_How to complete this task:_
Taking the line that contains "Fototapeta na wymiar" as the first, copy exactly every line through the last line of the records, and nothing else.

── Provided entries ──

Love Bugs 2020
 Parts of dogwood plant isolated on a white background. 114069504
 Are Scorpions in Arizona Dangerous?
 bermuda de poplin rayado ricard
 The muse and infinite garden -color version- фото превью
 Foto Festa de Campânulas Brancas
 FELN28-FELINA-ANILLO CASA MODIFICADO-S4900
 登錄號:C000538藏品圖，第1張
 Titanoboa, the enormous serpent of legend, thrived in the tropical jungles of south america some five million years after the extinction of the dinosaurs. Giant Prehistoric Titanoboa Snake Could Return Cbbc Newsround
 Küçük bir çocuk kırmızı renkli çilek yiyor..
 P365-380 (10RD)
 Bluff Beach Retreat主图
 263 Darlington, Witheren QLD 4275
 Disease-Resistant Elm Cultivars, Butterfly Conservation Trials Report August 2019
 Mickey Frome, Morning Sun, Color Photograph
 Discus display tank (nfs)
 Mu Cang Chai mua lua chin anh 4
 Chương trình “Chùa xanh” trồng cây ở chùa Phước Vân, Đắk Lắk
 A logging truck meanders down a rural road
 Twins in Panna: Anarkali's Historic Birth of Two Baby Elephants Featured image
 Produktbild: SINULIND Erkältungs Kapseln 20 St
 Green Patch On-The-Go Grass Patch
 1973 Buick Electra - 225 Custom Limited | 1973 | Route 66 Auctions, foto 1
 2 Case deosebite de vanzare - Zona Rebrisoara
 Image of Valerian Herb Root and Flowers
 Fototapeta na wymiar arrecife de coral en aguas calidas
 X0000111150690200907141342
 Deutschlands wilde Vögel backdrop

───

_Reply:_
 Fototapeta na wymiar arrecife de coral en aguas calidas
 X0000111150690200907141342
 Deutschlands wilde Vögel backdrop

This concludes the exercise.